Deep RNA sequencing analysis of readthrough gene fusions in human prostate adenocarcinoma and reference samples
Departments of Bioinformatics and Molecular Biology, Genentech, Inc., South San Francisco, California 94080, USA
BMC Medical Genomics 2011, 4:11 doi:10.1186/1755-8794-4-11Published: 24 January 2011
Readthrough fusions across adjacent genes in the genome, or transcription-induced chimeras (TICs), have been estimated using expressed sequence tag (EST) libraries to involve 4-6% of all genes. Deep transcriptional sequencing (RNA-Seq) now makes it possible to study the occurrence and expression levels of TICs in individual samples across the genome.
We performed single-end RNA-Seq on three human prostate adenocarcinoma samples and their corresponding normal tissues, as well as brain and universal reference samples. We developed two bioinformatics methods to specifically identify TIC events: a targeted alignment method using artificial exon-exon junctions within 200,000 bp from adjacent genes, and genomic alignment allowing splicing within individual reads. We performed further experimental verification and characterization of selected TIC and fusion events using quantitative RT-PCR and comparative genomic hybridization microarrays.
Targeted alignment against artificial exon-exon junctions yielded 339 distinct TIC events, including 32 gene pairs with multiple isoforms. The false discovery rate was estimated to be 1.5%. Spliced alignment to the genome was less sensitive, finding only 18% of those found by targeted alignment in 33-nt reads and 59% of those in 50-nt reads. However, spliced alignment revealed 30 cases of TICs with intervening exons, in addition to distant inversions, scrambled genes, and translocations. Our findings increase the catalog of observed TIC gene pairs by 66%.
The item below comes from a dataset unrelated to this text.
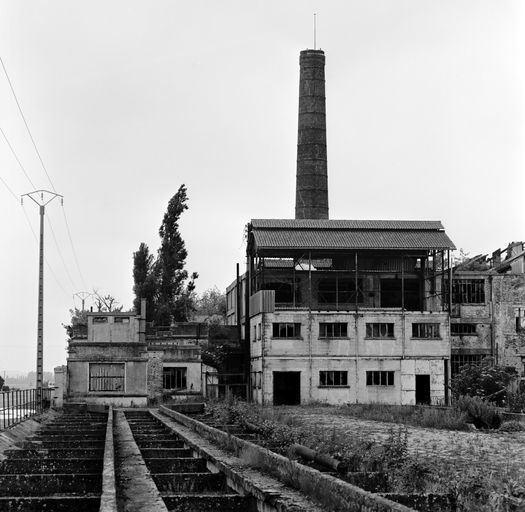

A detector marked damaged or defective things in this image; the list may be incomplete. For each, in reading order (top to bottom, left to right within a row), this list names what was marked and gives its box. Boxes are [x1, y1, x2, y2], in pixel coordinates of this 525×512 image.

damaged roof [250, 218, 454, 254]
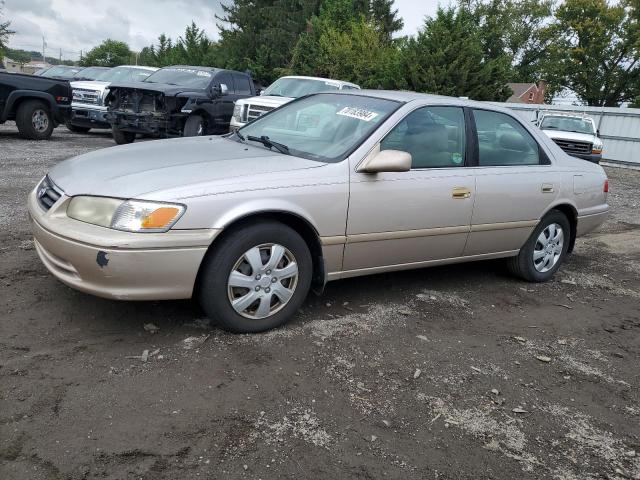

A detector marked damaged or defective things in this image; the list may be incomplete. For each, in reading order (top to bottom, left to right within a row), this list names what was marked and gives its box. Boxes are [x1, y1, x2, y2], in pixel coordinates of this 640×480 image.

damaged pickup truck [104, 66, 255, 144]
We verified 6 of 6 predicted TICs in all prostate samples, and 2 of 5 predicted novel distant gene fusions, both private events among 54 prostate tumor samples tested. Expression of TICs correlates with that of the upstream gene, which can explain the prostate-specific pattern of some TIC events and the restriction of the SLC45A3-ELK4 e4-e2 TIC to ERG-negative prostate samples, as confirmed in 20 matched prostate tumor and normal samples and 9 lung cancer cell lines.
Deep transcriptional sequencing and analysis with targeted and spliced alignment methods can effectively identify TIC events across the genome in individual tissues. Prostate and reference samples exhibit a wide range of TIC events, involving more genes than estimated previously using ESTs. Tissue specificity of TIC events is correlated with expression patterns of the upstream gene. Some TIC events, such as MSMB-NCOA4, may play functional roles in cancer.